ASSIGNMENT — Retype, without pictures, the line holding "Dép Da Nữ TGG" and each line below it through the final line.

RECORDED DATA —
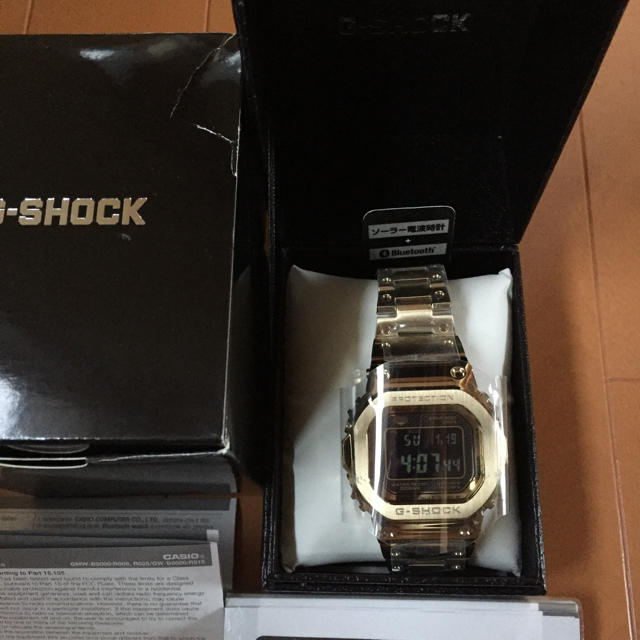 G-SHOCK(ジーショック)のCASIO G-SHOCK GMW-B5000GD-9JF フルメタル ゴールド メンズの時計(腕時計(デジタル))の商品写真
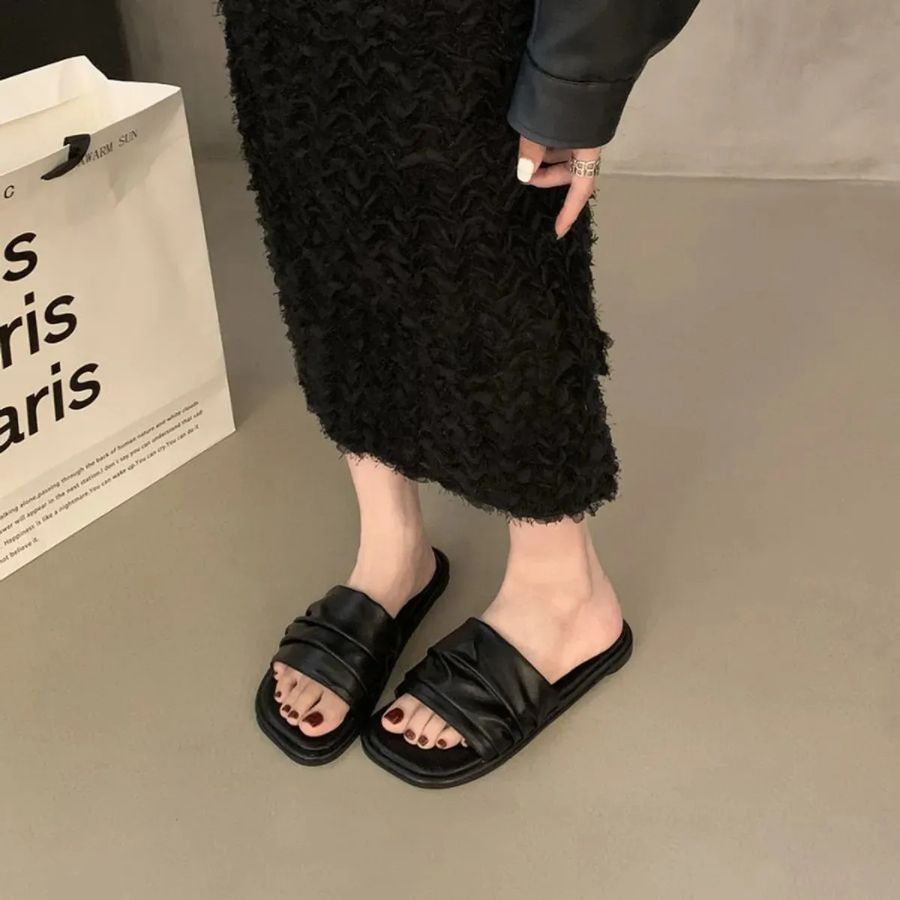 Dép Da Nữ TGG UN5030-2 Màu Đen Da Mềm Size 38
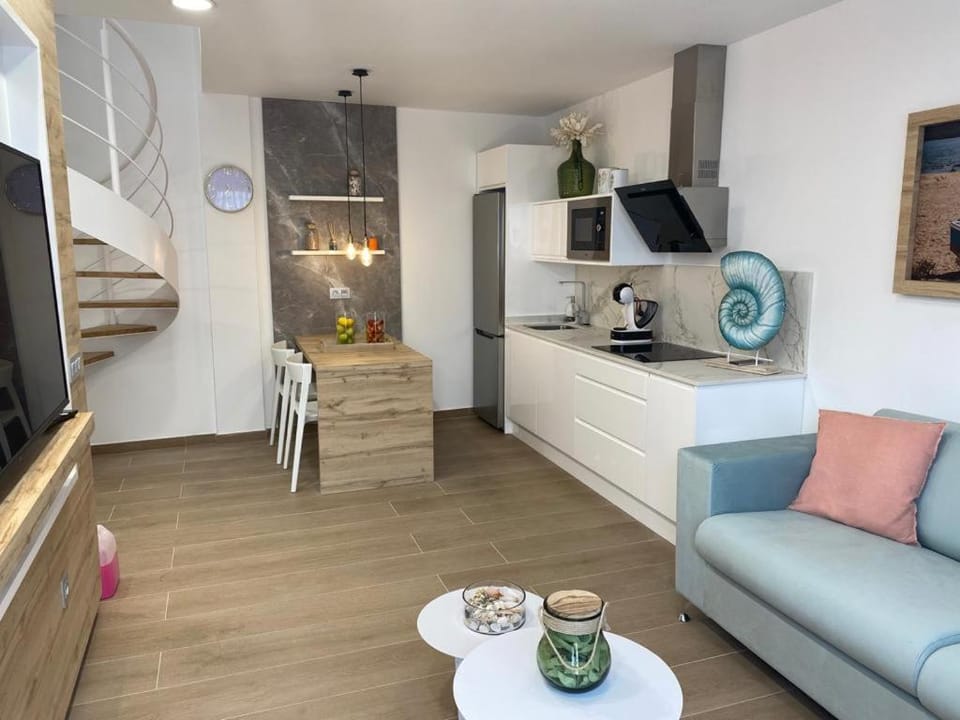 Kitchen or kitchenette, Living room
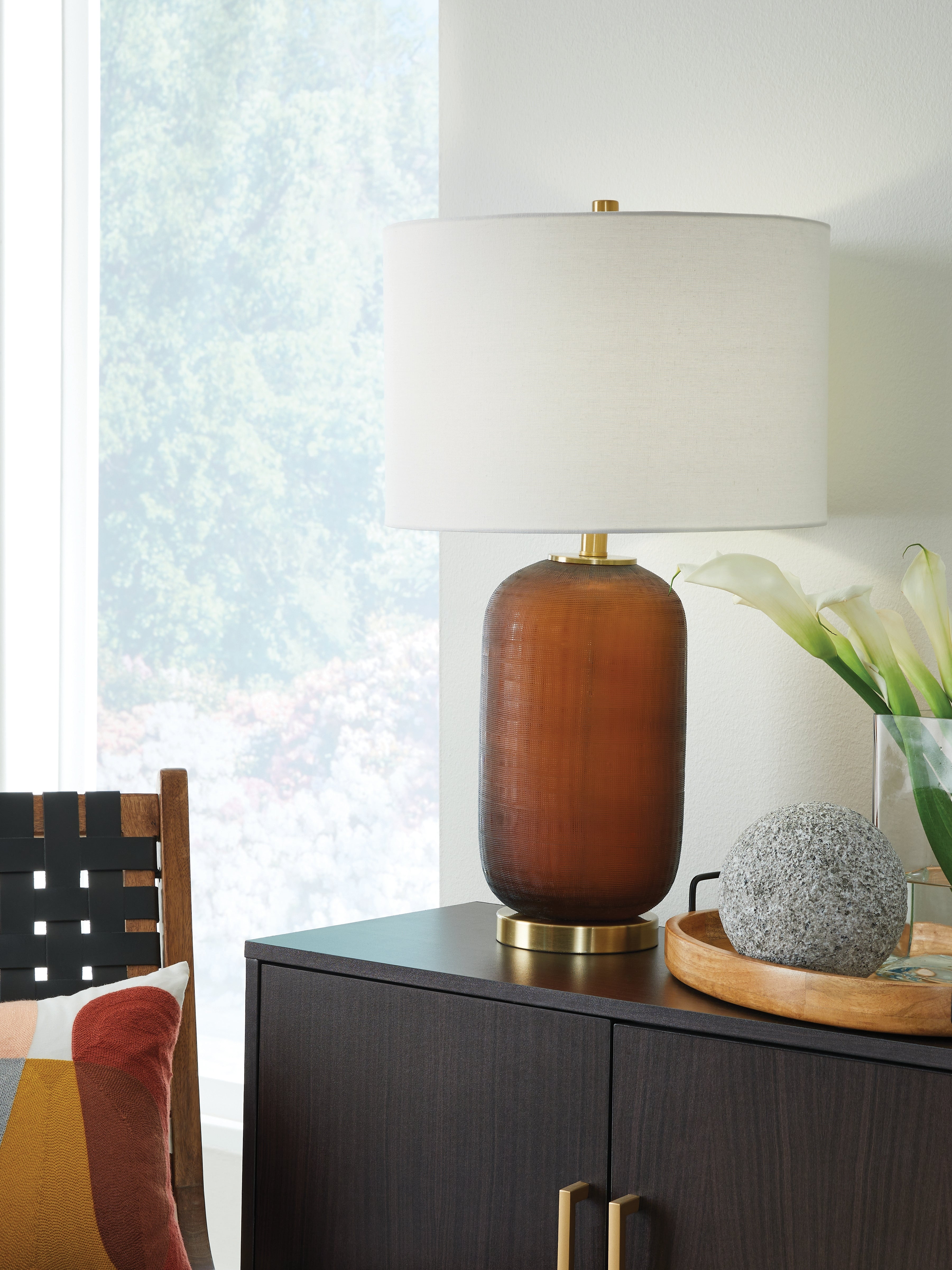 Farberman Amber Table Lamp – Luna Furniture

ANSWER TO THE PROBLEM —
 Dép Da Nữ TGG UN5030-2 Màu Đen Da Mềm Size 38
 Kitchen or kitchenette, Living room
 Farberman Amber Table Lamp – Luna Furniture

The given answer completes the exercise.